Ignoring U.S. concerns, Azerbaijan on Thursday succeeded in forcing the Organization for Security and Cooperation in Europe to close its office in Yerevan that has promoted political reforms in Armenia.
The office has faced an uncertain future since Baku vetoed late last year a further extension of its mandate, objecting to a humanitarian demining program implemented by it in Armenia.
The Azerbaijani delegation to the OSCE headquarters in Vienna insisted in a January statement that the program “can strengthen the capacity and skills of relevant Armenian structures” in the Nagorno-Karabakh conflict. It accused Armenia of seeking to “misuse the OSCE Office in Yerevan against legitimate interests of Azerbaijan.”
Armenia shrugged off those allegations. It said that Baku is simply keen to force the closure of the Yerevan office after having a similar OSCE office in Baku shut down in 2015. OSCE decisions on opening such missions and extending their activities have to be unanimously approved by all 57 member states of the organization.
Baku did not drop its objections even after the Armenian government agreed later in January to exclude demining from a wide range of OSCE activities in Armenia.

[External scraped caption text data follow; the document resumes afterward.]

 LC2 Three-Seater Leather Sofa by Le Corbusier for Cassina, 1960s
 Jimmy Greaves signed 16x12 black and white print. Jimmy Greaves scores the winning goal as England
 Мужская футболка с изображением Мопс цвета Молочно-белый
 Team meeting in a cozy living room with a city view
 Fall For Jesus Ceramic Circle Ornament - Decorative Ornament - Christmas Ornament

That prompted a stern warning from the United States, with a senior U.S. diplomat saying in February that the closure of the Yerevan office would “reflect poorly on Azerbaijan.”

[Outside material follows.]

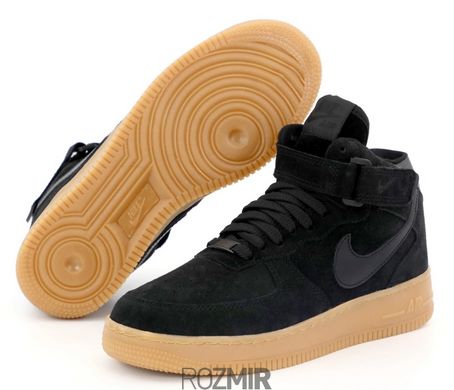 Мужские кроссовки Nike Air Force 1 High Suede "Black/Gum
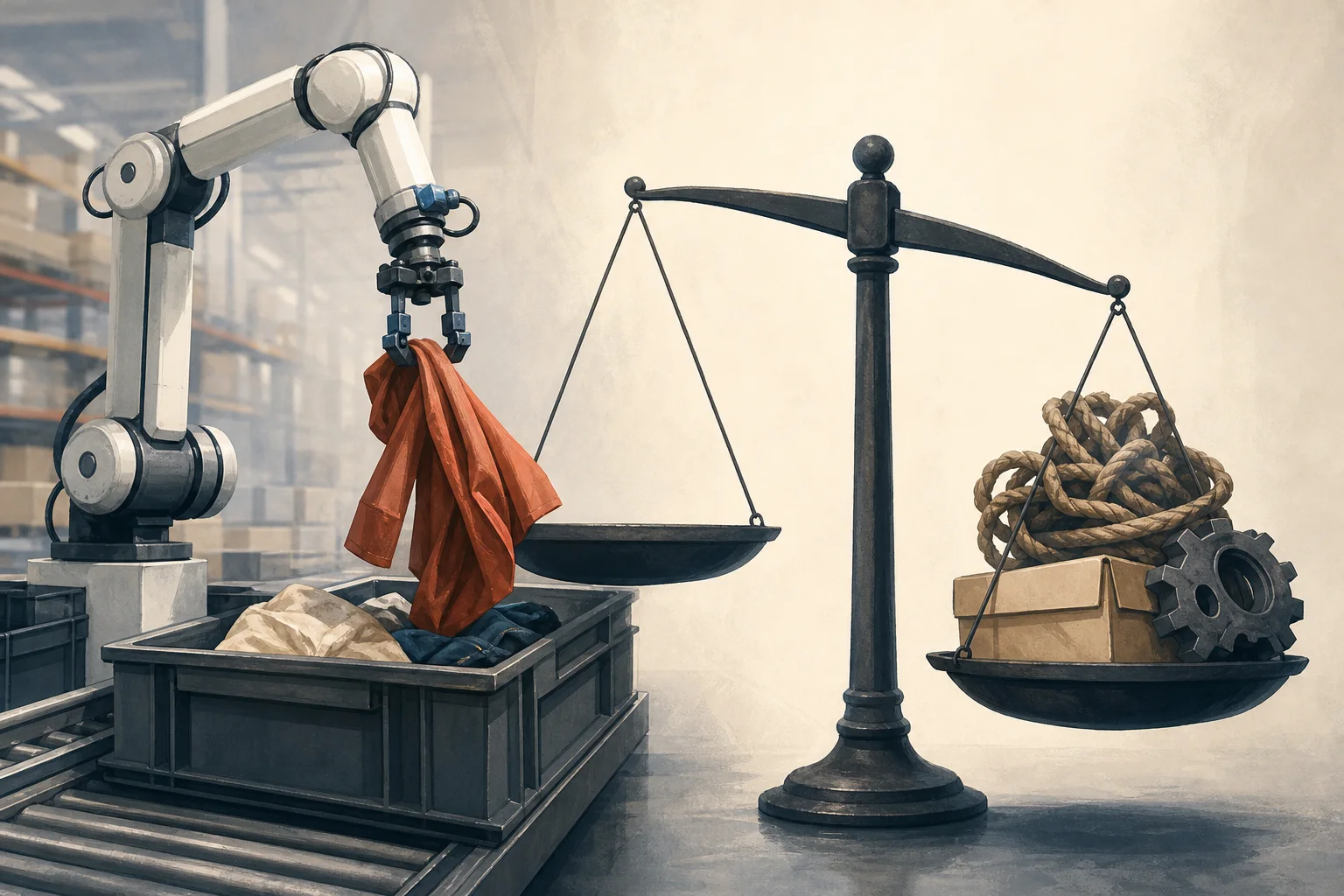 AI-generated story-specific editorial illustration for A live returns-robot rollout raises the bar for warehouse AI buyers.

A representative of Austria, the current holder of the OSCE presidency, told the OSCE’s Permanent Council in Vienna on Thursday that the Azerbaijani government remains adamant in demanding the office closure.
“The United States regrets the impending closure of the OSCE Office in Yerevan,” Kate Byrnes, the charge d’affaires of the U.S. mission to the OSCE, said at the meeting. “We lament the loss of the last OSCE field operation in the South Caucasus.”
“Armenia, in the spirit of compromise, agreed that the Office in Yerevan would end these [humanitarian demining] activities,” she stressed.
The Armenian Foreign Ministry strongly condemned Baku’s uncompromising stance on the issue. The ministry spokesman, Tigran Balayan, said Azerbaijan’s authoritarian leadership is highlighting its dismal human rights record and “deepening the gap between itself and the international community.”
Byrnes also praised the Armenian government’s long-running cooperation with the OSCE and its Yerevan office in particular. The office’s promotion of human rights, tax and police reforms, gender equality and press freedom has brought about “positive results,” she said.
The American diplomat went on to urge the organization’s Austrian chairmanship to “explore new ways of maintaining an OSCE presence in Armenia and throughout the South Caucasus.”
Balayan said in that regard that the authorities in Yerevan are open to “new avenues of implementing OSCE projects in Armenia.”